I didn’t say that did I, oh look at that I am suddenly uncouth
Suddenly.
Oh whatever will I do
Do not disturb
I slept till 2 pm. My phone rung so many times et I tossed it under my pillow. So if you were calling, let’s pretend that you are not reading this!
My husband is astonished I literally sleep in like this.But I get so terribly aggravated when everyone calls when a lady is sleeping.
Yah right?
So I even missed my riding this am, I swear there can no words to describe such bliss. I literally am happy to be retired and from what you ask?
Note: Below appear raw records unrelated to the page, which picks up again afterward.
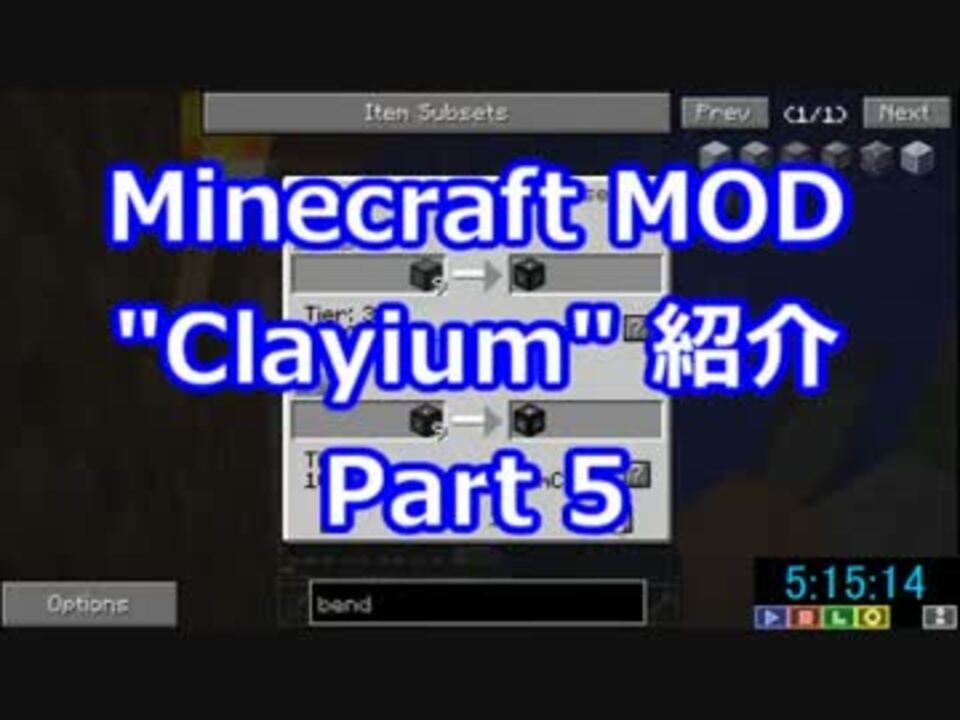人気の ゲーム Minecraft Mod紹介部 動画 987本 3 ニコニコ動画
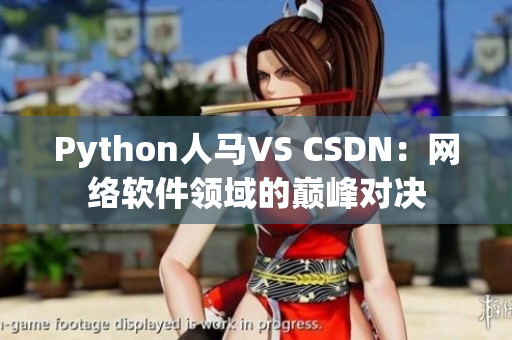 Python人馬VS CSDN：網絡軟件領域的巔峰對決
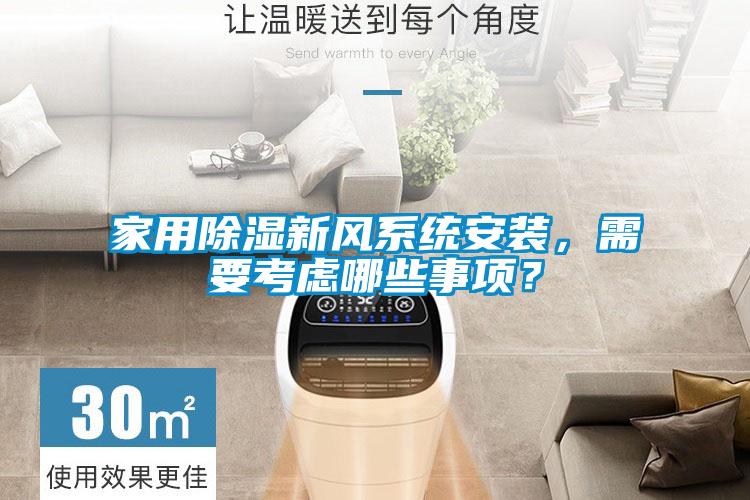 家用除濕新風系統安裝，需要考慮哪些事項？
So I have got a massive photo shoot in a day et I swear to you I never in my life of portraits was so incredibly unprepared. My living room looks like Anna Wintour’s closet, which I must clear up before my husband walks in. Literally. I pretend sometimes I have no hats
I know, but word of advice women, keep pretending men will never understand why you need to have your frock flown in from Poland et your hats, your hats athliered from France.
darling don’t waster your tone explaining, I according to Milly, have got issueees!I have so many so many hats, so many. I only wear once. Et I feel wasteful really but I mean let’s call it a day, I’m a writer I have zero social life as of now et my portraits are Life.
oui, life.
But good luck making me look good because I am so not into looking fabulously dainty et pouting to be made like I live en France et I’m chasing rabbits. Whilst being painted like a Renoir’s canvas. Even though that would be si magnifiquement parfait.Golly.But,
Special thanks to the man I married for getting me pink loubottoms, I shall guarantee you one thing, my ankle will be broken before or after my jaunt this pm. I laugh but I cry….
Loubottoms is sort of my trademark en my books,So days like these marriage is worth it. Shooo don’t you say that too loud. Hey who are we kidding, i am most sure, so
sure for the men you are married too, you are a walking mortgage
Two words, not happening.
I hope your days are restful et filled with equivalence like such.
Bonne chance my darlings,
RS
July 18, 2021
Private Publication January- July 2021
“merci les salopes.” January
March
April
————————
July
Your writer, Rianna Kay Shaikh
Dislocated simplicity

Dearest,
Its simple beautiful yet so complicated. Oui?
I sort of don’t want anything lately, like lately.
No reading of my books especially.
I have done a book every month of this year.
Like who does that merde?
I think I sort of crave peaceful thoughts, running en the greens chasing rabbits, while sipping tea, amongst the mansions et sweepers…The brookvilles, you were my life.
I suppose it’s the one thing Kathy et I agreed upon. Oui, Hilton. She is always a heart of perfection, always. But life is pas si simple!
But perhaps your life is simple, like such beauty in the fields of the past, evergreens too.
I laugh, mine is crisp complicated. God it is.I wish to live in France, very simple.The more I try to fit in the days of Long Island, the less it ever does. Soon to France?